• **Task description**
Among the records that follow, set down only the lines from the one containing "2026 Volvo XC40 B5 Core" to the one containing "The Mandalorian and", both included, exactly.

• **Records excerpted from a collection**
##############################
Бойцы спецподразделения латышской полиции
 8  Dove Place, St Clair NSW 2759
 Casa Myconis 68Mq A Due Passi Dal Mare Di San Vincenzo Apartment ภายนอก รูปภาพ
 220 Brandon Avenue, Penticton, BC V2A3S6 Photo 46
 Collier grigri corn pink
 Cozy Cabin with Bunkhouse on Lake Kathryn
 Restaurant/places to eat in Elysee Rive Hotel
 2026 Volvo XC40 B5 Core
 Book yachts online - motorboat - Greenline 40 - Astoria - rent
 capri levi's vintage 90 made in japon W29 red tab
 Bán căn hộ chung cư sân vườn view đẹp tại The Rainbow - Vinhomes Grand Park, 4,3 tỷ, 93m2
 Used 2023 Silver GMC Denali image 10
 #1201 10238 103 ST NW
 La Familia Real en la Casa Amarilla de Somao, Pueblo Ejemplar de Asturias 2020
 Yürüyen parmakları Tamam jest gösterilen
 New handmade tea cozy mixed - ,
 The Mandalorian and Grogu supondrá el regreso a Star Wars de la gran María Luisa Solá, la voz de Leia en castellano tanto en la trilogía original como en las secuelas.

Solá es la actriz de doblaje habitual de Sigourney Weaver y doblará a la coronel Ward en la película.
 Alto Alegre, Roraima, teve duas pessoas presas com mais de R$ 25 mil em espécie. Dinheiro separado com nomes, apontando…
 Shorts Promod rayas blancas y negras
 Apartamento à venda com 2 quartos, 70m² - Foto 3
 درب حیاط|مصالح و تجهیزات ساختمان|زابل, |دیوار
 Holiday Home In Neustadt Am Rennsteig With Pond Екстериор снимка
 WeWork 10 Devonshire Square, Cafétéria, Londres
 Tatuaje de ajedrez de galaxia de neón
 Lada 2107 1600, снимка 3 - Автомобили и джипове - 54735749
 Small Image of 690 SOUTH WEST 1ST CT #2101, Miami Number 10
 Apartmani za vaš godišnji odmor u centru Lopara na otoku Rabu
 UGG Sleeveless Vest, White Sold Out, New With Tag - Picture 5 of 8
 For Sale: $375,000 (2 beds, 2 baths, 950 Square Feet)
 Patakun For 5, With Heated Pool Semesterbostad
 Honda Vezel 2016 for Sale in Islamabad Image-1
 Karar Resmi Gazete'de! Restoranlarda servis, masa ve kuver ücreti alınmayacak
##############################
• **Output of the task**
 2026 Volvo XC40 B5 Core
 Book yachts online - motorboat - Greenline 40 - Astoria - rent
 capri levi's vintage 90 made in japon W29 red tab
 Bán căn hộ chung cư sân vườn view đẹp tại The Rainbow - Vinhomes Grand Park, 4,3 tỷ, 93m2
 Used 2023 Silver GMC Denali image 10
 #1201 10238 103 ST NW
 La Familia Real en la Casa Amarilla de Somao, Pueblo Ejemplar de Asturias 2020
 Yürüyen parmakları Tamam jest gösterilen
 New handmade tea cozy mixed - ,
 The Mandalorian and Grogu supondrá el regreso a Star Wars de la gran María Luisa Solá, la voz de Leia en castellano tanto en la trilogía original como en las secuelas.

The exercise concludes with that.